### DATA SHOWN

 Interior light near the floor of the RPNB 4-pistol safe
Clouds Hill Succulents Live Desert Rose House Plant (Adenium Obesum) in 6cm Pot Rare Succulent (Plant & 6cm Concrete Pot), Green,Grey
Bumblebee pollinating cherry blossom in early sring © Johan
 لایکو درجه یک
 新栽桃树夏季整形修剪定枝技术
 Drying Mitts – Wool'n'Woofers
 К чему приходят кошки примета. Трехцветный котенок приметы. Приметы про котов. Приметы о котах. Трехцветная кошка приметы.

* * *

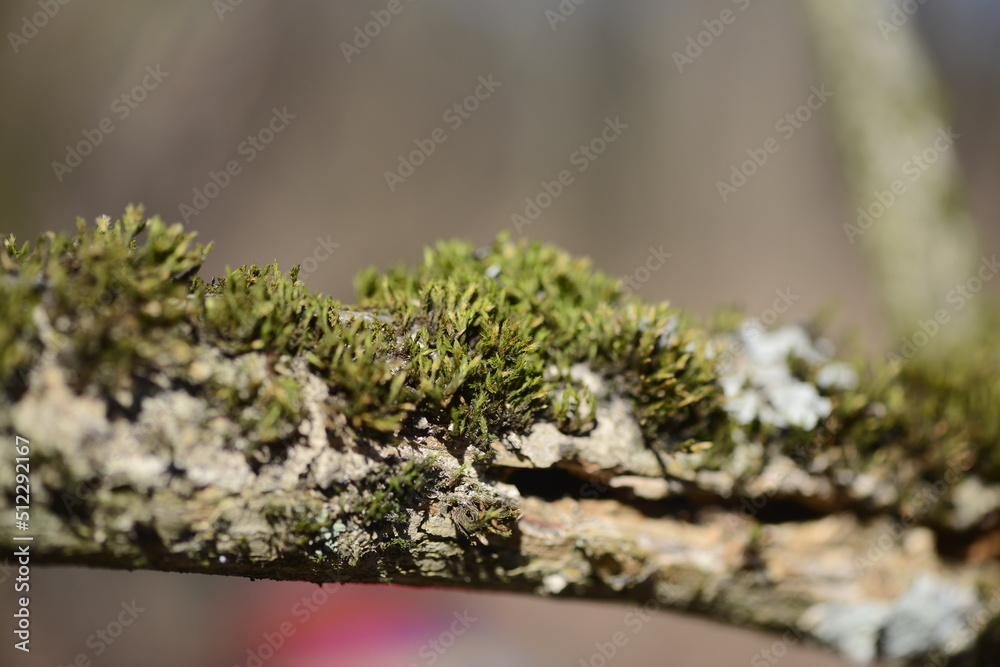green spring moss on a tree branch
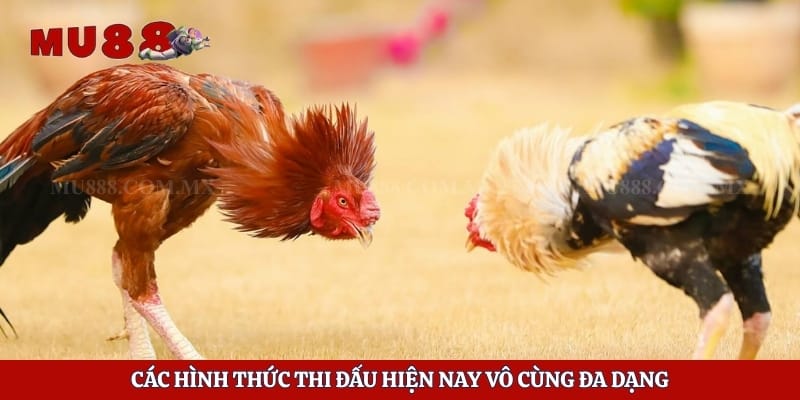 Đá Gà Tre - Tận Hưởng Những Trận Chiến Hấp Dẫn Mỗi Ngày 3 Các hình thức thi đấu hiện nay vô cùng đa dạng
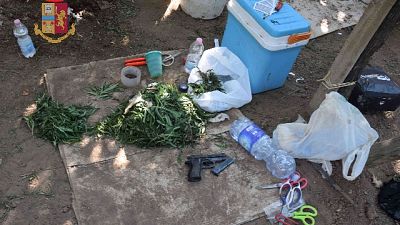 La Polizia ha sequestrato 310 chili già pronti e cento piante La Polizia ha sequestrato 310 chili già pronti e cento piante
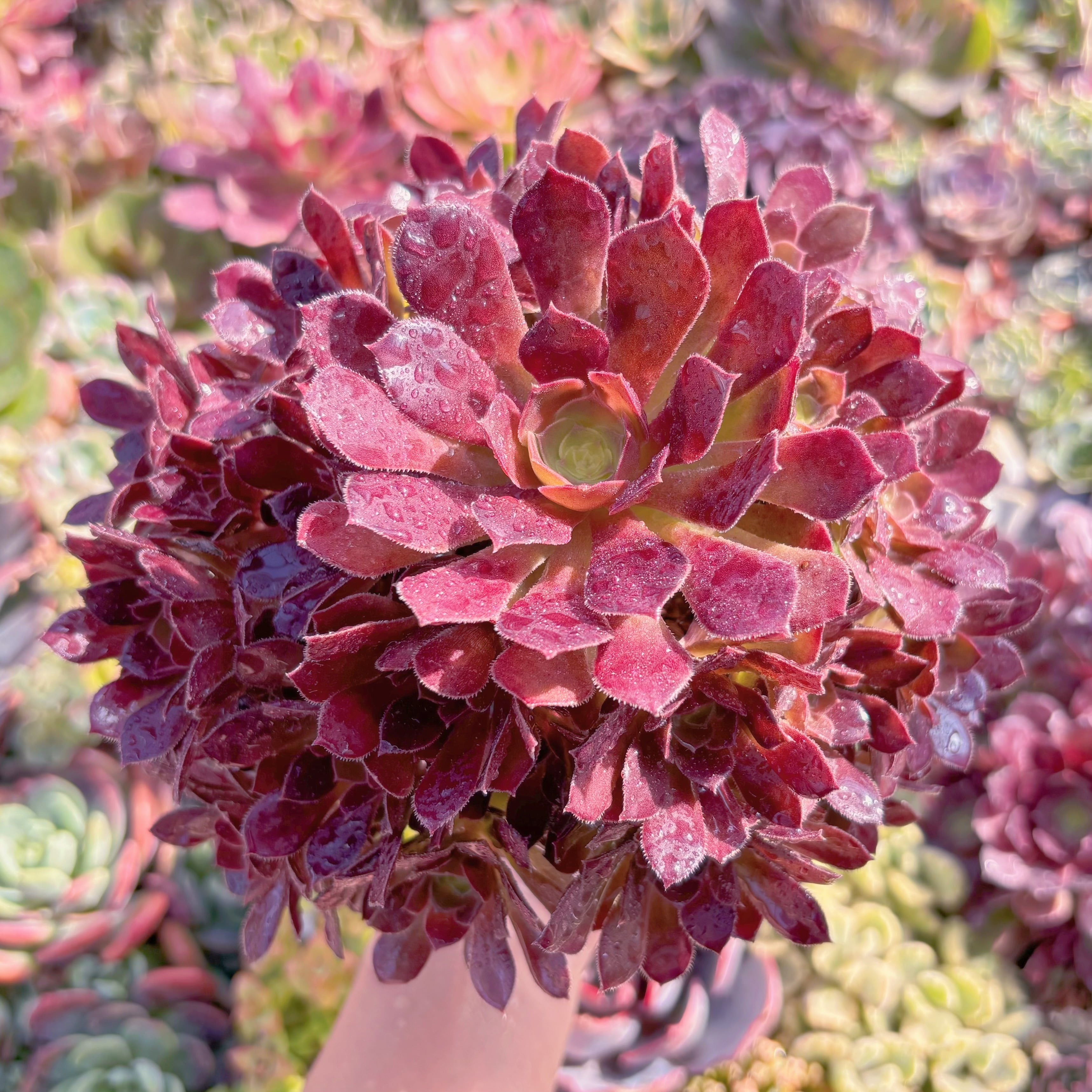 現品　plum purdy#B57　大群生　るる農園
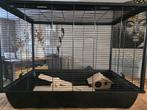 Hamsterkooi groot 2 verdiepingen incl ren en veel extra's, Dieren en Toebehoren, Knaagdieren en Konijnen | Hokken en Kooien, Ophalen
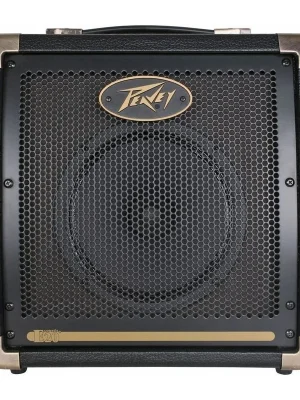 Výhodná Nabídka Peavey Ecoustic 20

### WHAT YOU HAVE TO DO
All lines above from the one holding "لایکو درجه یک" to the one holding "К чему приходят", inclusive, are to be copied exactly; no other line is wanted.

### YOUR RESPONSE
 لایکو درجه یک
 新栽桃树夏季整形修剪定枝技术
 Drying Mitts – Wool'n'Woofers
 К чему приходят кошки примета. Трехцветный котенок приметы. Приметы про котов. Приметы о котах. Трехцветная кошка приметы.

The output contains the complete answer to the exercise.